§ **What you are asked to do**: Your output should be everything below from the line containing "Used 2022 Porsche" down to the line containing "アイリスオーヤマ　突っ張り　室内物干しハンガーラックの画像", both ends included, copied exactly, with pictures left out.

§ **Material provided**:
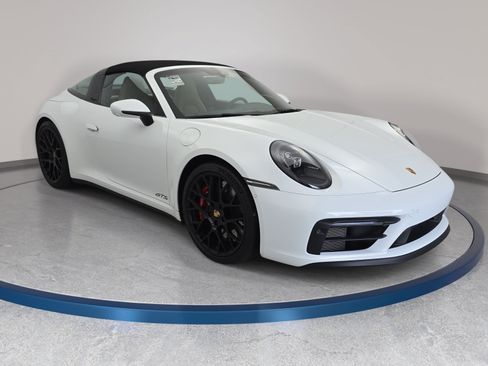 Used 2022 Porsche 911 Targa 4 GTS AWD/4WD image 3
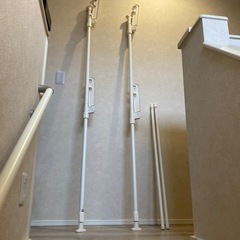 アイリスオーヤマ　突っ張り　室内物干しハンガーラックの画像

--

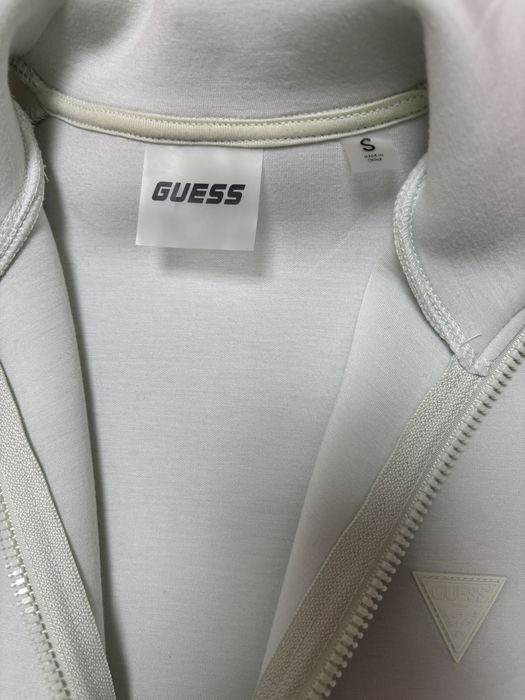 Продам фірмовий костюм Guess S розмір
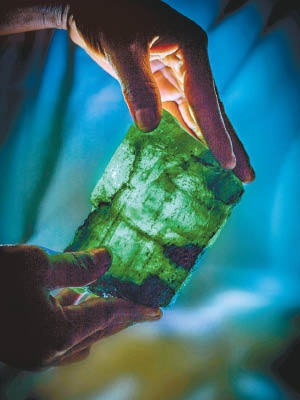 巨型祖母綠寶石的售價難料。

==

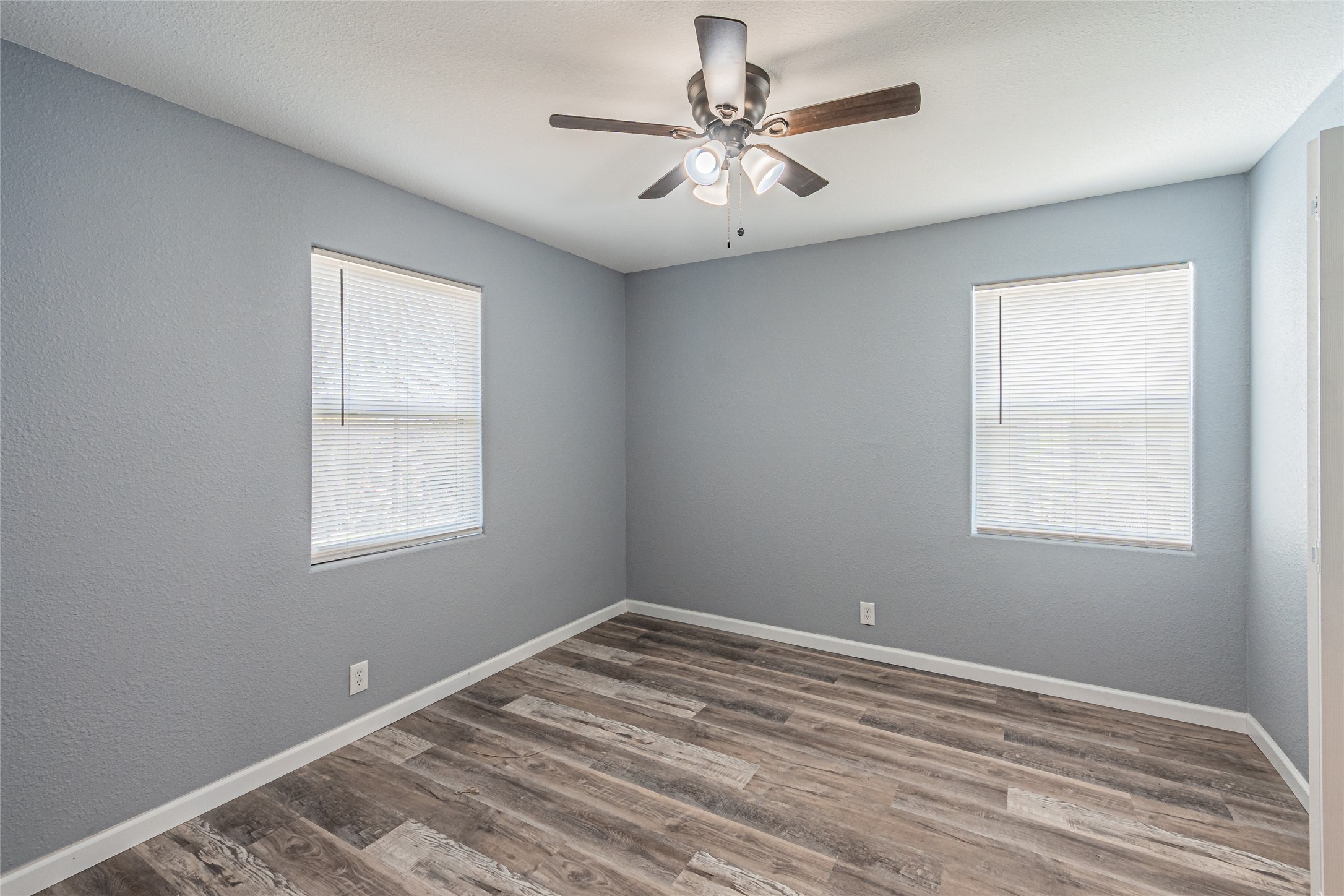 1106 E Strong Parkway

§ **Answer section**:
 Used 2022 Porsche 911 Targa 4 GTS AWD/4WD image 3
 アイリスオーヤマ　突っ張り　室内物干しハンガーラックの画像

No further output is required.